> _WHAT YOU ARE ASKED TO DO_: Begin at the line below that has "Certified 2019 Toyota". Stop after the line that has "Седан Mercedes-Benz S-Class 2006 в", repeating each line exactly and leaving out the pictures.

> _DATA FOR THIS EXERCISE_:
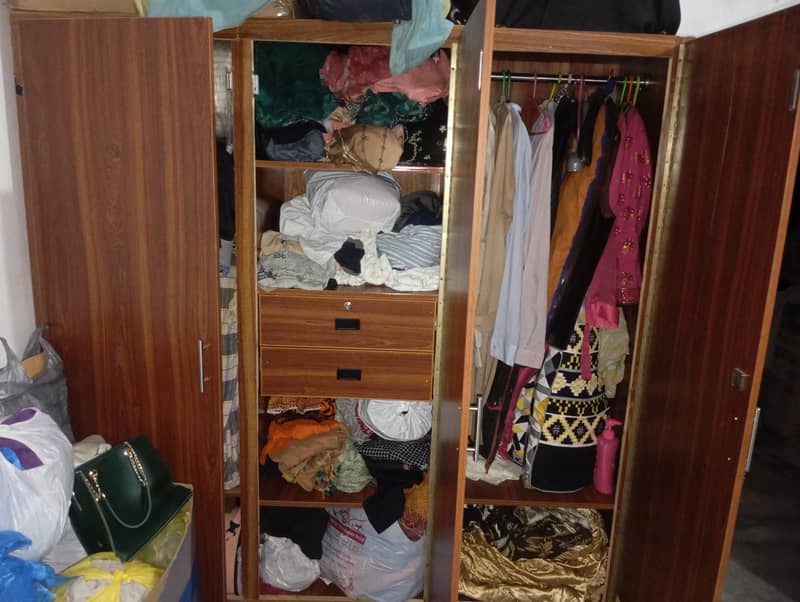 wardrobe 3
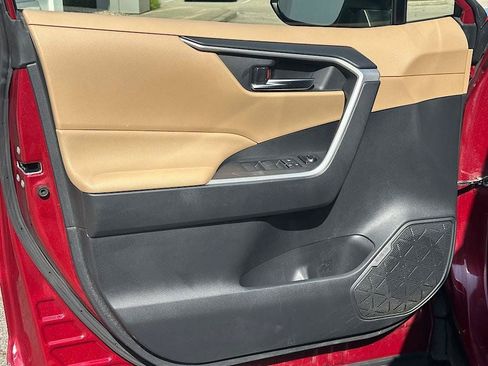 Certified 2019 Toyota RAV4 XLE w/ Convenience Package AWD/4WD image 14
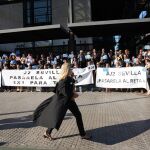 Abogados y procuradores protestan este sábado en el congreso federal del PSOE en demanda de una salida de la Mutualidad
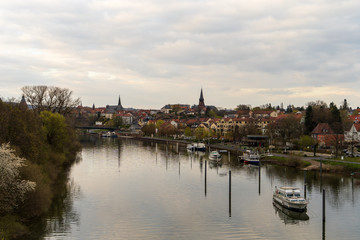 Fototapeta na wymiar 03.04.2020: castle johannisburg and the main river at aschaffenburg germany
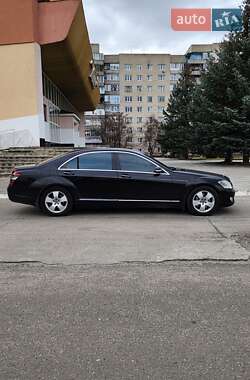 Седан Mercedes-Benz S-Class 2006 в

==

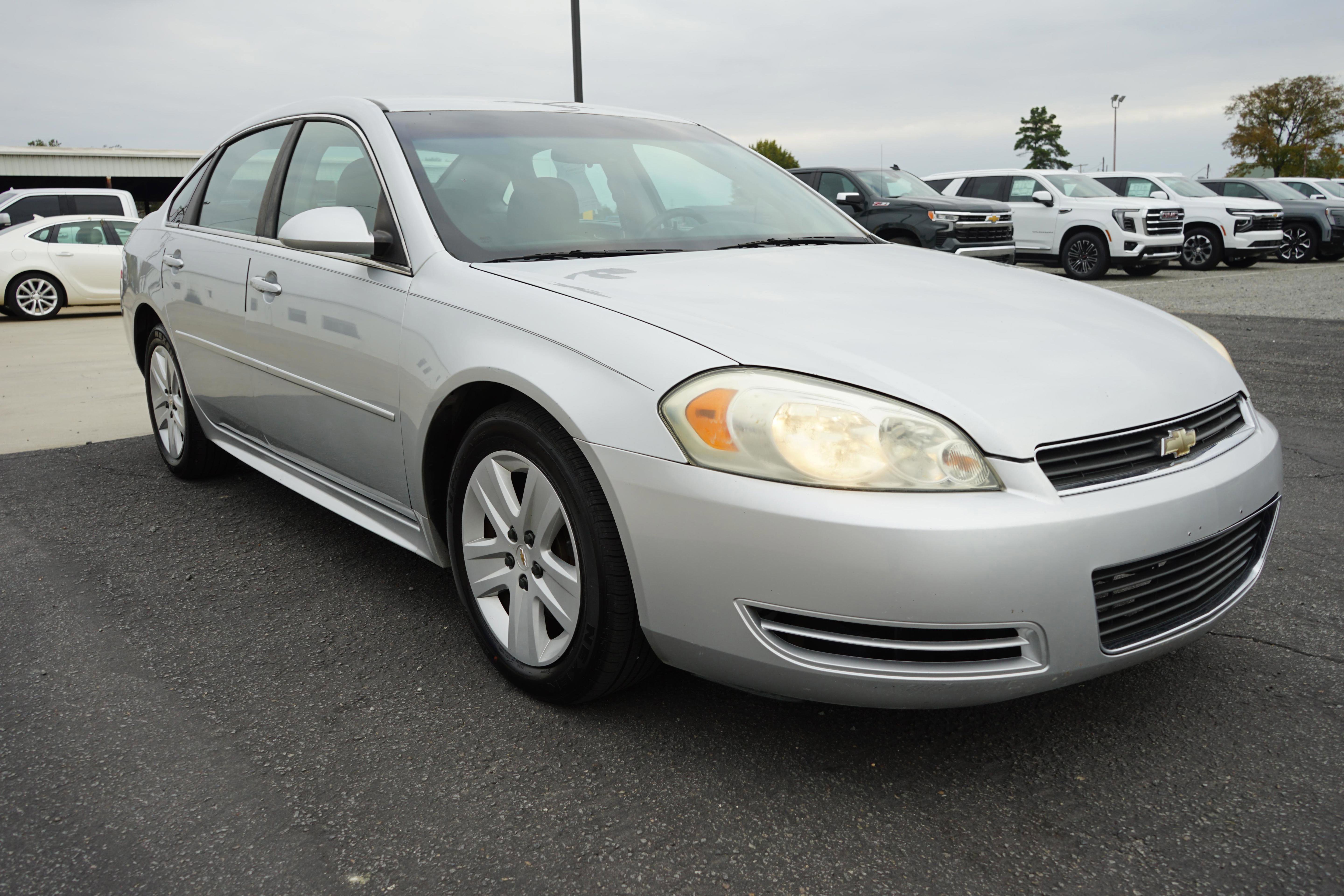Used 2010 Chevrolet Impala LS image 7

> _ANSWER BOX_:
 Certified 2019 Toyota RAV4 XLE w/ Convenience Package AWD/4WD image 14
 Abogados y procuradores protestan este sábado en el congreso federal del PSOE en demanda de una salida de la Mutualidad
 Fototapeta na wymiar 03.04.2020: castle johannisburg and the main river at aschaffenburg germany
 Седан Mercedes-Benz S-Class 2006 в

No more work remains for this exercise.